Sein Handwerk gelernt hat Oerthle, der aus Stuttgart stammt und in München aufwuchs, in einem Sporthotel in Oberstorf im Allgäu. Seinem damaligen, «extrem engagierten» Chef ist er noch heute dankbar: «Er hat mich in alle Facetten der Kochkunst eingeführt.» Das Hilton und das Sheraton in München sowie mehrere Sterneküchen waren Oerthles nächste Stationen. Doch nun feiert er ein persönliches Jubiläum: Er kam vor 30 Jahren ins Tessin, um seine damalige bayerische Freundin zu besuchen, die in Ascona arbeitete. Und er blieb: sowohl im Tessin als auch bei der Lebenspartnerin, die inzwischen in einem 4-Sterne-Hotel oberhalb von Ascona die Restauration leitet. Vorerst war er sechs Jahre lang Souschef im 5-Sterne-Haus Giardino in Ascona. Danach begann er in der gleichen Position in der Villa Castagnola.

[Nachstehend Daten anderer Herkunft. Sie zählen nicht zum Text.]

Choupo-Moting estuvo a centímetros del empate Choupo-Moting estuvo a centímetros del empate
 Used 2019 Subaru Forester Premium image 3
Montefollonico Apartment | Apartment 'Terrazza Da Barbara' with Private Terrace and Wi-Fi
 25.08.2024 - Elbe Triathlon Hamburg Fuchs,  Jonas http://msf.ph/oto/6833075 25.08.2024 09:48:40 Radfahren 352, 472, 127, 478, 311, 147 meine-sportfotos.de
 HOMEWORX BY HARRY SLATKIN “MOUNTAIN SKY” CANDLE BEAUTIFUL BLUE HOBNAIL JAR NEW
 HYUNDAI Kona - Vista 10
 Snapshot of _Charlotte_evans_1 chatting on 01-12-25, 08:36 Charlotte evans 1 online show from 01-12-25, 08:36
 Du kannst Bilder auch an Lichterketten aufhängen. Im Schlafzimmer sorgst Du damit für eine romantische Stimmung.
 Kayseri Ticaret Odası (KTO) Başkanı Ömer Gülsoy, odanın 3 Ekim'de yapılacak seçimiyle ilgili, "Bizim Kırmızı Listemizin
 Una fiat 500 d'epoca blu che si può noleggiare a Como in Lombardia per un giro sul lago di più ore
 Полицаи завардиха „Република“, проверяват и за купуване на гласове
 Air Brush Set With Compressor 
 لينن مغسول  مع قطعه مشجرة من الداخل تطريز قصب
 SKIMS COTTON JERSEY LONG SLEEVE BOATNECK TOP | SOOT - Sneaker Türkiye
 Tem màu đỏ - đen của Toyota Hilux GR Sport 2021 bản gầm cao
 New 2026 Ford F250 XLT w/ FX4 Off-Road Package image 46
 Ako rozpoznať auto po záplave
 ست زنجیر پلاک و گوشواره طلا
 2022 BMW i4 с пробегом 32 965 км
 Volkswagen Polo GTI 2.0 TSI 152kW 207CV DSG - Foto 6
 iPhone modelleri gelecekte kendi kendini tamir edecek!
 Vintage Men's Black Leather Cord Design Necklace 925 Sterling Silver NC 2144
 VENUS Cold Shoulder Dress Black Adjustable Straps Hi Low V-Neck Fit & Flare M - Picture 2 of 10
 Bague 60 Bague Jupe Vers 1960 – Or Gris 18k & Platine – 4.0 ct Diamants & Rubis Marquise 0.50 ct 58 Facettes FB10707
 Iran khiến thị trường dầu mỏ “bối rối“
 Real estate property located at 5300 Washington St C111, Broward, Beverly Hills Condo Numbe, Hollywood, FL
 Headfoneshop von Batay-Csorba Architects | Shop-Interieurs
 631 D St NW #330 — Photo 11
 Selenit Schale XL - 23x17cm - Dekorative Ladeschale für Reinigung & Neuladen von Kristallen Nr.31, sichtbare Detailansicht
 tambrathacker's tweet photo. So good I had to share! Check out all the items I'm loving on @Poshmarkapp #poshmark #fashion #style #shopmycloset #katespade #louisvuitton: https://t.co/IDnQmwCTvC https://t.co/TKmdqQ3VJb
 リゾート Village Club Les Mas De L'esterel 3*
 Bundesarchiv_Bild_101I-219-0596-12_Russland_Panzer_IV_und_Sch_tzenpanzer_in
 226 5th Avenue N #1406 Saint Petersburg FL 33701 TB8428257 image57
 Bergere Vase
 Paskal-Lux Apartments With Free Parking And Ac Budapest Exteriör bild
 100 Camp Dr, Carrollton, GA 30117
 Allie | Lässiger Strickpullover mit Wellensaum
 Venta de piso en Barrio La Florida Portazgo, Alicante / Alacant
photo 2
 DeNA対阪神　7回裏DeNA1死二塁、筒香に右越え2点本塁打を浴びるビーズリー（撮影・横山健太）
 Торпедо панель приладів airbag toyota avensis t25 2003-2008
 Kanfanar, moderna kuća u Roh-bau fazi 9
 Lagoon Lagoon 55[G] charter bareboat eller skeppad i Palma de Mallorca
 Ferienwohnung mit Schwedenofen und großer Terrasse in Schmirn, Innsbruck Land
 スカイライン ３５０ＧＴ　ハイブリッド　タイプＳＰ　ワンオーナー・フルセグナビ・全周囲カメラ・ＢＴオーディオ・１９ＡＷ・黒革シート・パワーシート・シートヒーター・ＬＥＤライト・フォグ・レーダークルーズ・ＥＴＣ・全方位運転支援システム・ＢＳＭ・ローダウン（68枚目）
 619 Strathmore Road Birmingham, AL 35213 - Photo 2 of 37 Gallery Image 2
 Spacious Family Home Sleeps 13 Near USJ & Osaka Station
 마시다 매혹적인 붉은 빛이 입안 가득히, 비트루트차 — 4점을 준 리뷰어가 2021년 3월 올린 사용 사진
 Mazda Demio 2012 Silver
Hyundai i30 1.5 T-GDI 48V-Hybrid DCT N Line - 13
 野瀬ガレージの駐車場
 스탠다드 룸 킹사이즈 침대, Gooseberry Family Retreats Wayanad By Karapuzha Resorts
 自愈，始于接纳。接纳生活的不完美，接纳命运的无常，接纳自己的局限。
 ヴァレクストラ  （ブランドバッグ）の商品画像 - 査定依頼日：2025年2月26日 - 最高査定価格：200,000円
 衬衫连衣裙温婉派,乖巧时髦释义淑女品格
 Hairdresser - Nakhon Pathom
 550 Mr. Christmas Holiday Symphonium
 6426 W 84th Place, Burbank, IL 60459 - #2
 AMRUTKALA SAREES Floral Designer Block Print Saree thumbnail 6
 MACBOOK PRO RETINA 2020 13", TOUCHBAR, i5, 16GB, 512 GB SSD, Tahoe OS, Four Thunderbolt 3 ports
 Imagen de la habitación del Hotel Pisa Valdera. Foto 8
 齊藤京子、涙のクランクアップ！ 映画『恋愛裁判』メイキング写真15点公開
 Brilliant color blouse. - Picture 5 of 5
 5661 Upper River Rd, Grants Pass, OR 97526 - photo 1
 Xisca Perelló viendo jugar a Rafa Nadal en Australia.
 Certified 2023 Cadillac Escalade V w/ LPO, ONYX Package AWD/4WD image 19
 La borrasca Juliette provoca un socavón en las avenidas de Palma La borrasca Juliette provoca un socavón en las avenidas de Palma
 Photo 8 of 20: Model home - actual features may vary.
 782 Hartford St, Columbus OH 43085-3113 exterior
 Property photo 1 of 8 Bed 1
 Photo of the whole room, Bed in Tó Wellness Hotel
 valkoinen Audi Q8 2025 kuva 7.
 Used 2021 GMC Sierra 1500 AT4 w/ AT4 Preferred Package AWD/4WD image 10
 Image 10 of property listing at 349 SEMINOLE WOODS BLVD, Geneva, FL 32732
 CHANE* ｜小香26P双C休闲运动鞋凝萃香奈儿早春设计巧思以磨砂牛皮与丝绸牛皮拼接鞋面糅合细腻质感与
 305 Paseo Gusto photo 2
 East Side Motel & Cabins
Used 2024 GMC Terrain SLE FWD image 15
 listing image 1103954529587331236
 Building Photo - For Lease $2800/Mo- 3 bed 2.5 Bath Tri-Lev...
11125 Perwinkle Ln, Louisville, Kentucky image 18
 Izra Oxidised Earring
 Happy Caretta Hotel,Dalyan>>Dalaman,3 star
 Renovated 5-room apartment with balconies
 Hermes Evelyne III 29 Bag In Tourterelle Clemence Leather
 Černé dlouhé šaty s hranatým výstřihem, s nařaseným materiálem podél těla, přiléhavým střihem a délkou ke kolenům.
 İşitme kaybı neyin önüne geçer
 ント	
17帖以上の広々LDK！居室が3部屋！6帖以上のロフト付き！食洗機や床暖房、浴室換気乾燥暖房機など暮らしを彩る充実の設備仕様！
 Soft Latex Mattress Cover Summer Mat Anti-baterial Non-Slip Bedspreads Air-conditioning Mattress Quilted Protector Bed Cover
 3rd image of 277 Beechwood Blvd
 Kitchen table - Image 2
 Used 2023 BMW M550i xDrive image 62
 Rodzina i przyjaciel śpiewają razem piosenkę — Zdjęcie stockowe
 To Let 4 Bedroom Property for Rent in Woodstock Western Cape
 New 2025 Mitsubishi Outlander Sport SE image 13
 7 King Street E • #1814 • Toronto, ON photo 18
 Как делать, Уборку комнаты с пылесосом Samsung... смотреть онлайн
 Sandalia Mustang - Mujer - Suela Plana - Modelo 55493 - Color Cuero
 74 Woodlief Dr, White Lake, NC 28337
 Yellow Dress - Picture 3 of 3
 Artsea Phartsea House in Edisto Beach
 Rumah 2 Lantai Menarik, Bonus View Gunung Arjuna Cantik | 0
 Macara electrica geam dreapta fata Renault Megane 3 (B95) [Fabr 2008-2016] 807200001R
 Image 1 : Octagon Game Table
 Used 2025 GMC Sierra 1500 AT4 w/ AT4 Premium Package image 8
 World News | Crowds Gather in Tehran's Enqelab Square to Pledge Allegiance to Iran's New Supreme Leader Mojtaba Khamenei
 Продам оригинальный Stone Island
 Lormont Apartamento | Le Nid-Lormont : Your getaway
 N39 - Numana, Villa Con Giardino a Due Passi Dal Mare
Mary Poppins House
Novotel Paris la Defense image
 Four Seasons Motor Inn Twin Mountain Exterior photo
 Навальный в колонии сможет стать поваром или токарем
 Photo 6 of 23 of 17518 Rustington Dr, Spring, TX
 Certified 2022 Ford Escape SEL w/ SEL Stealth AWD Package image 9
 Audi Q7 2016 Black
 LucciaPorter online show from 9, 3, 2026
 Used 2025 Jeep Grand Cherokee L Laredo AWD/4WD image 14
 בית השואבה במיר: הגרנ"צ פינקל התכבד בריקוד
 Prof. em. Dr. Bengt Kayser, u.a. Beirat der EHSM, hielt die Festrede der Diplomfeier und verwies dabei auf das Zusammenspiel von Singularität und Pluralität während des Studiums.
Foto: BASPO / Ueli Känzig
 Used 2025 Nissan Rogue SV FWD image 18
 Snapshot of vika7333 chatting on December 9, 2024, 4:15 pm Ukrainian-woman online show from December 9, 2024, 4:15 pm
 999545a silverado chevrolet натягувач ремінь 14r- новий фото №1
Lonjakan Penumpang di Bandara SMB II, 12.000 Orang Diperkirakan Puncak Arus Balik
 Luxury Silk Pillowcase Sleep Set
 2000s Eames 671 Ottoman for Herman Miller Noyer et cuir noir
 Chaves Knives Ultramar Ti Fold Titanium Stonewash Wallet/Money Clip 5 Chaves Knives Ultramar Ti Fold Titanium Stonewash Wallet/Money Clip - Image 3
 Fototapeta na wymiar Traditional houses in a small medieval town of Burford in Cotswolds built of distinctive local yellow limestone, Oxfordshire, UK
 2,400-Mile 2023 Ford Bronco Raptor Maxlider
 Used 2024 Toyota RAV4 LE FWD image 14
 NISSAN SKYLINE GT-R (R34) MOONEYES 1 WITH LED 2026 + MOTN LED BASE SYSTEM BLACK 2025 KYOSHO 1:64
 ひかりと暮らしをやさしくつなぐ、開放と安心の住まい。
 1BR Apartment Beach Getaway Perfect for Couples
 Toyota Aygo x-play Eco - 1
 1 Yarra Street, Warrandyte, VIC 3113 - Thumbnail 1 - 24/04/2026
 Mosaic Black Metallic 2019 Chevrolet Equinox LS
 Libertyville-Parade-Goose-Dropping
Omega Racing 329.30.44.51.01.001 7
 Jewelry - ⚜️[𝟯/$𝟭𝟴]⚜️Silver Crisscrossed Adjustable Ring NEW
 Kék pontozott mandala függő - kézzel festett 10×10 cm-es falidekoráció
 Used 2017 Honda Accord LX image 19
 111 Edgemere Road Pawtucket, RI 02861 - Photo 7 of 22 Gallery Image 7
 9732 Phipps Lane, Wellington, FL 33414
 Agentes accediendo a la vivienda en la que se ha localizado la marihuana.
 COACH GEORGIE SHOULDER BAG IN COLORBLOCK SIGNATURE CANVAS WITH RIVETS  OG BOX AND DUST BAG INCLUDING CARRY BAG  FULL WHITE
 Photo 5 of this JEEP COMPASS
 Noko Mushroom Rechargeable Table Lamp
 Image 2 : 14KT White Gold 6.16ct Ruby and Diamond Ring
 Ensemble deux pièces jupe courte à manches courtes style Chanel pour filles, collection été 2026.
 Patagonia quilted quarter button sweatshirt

Die Villa Castagnola zählt schon seit dem späten 19. Jahrhundert zu den führenden Hotels der Schweiz und ist seit 40 Jahren im Besitz der Familie Garzoni. Diese übernahm 2002 das ehemalige Hotel Du Midi direkt am See, baute es zu Residenzen um und eröffnete im Erdgeschoss gleichzeitig das Restaurant mit Kunstgalerie.

Wie eine private Villa

Die Villa Castagnola will genau dies sein: eine Villa, in der die Gäste betreut und umsorgt werden. Als Gast spürt man diese persönliche Atmosphäre sofort, was auch mit dem überaus freundlichen, zuvorkommenden und gut geschulten Personal zu tun hat. Einige Angestellte arbeiten seit Jahrzehnten hier. Auffällig sind zudem die Kunstwerke, die wertvollen Wandteppiche und Sammelstücke aus aller Welt, die man sowohl in der Lobby, den Salons und Restaurants bestaunen kann als auch in den Gängen, den Zimmern und im weitläufigen, gegen den See hinunter sanft abfallenden Park.


Zurück zu Frank Oerthle. Er bekam seine Chance 2002: Während das Restaurant mit Kunstgalerie umgebaut wurde, «kam Frau Garzoni, die Chefin, auf mich zu. Sie machte mir ein Angebot, das allen meinen Träumen entsprach: ‹Das da unten, Bursche, das kannst du machen. Aber ich möchte Sterne und Punkte sehen›. Die Chance meines Lebens!» Frank Oerthle strahlt noch heute, wenn er diese Geschichte erzählt, und fügt hinzu, dass die Chefin, inzwischen 85 Jahre alt und aktiv wie eh und je ist, «für mich wie eine strenge, aber freundliche Grossmutter».


Der Küchenchef lieferte, was man von ihm erwartete: 2008 erhielt er die GaultMillau-Punkte, 2010 kam der Michelin-Stern hinzu. Heute ist die Galerie Arté al Lago unbestritten eines der besten Gourmetlokale in Lugano. «Ich habe mich für die Chance, die man mir gegeben hatte, revanchiert», sagt Oerthle.

Sein Küchenteam ist klein, fünf Personen und gelegentlich eine Aushilfe. «Wir ergänzen uns prima, das geht Hand in Hand bei uns», sagt er. Der Vorteil einer kleinen Equipe sei, «dass ich als Chef Hand anlegen kann und nicht nur dirigiere wie in grossen Küchen». Oerthle erzählt weiter, «die Passion fürs Kochen, die liegt mir im Blut, ebenso die Kreativität». Eine weitere Passion sind seine sportlichen Aktivitäten. Beides nimmt man ihm als Gast ohne weiteres ab, spätestens wenn das erste kulinarische Kunstwerk auf den Tisch kommt.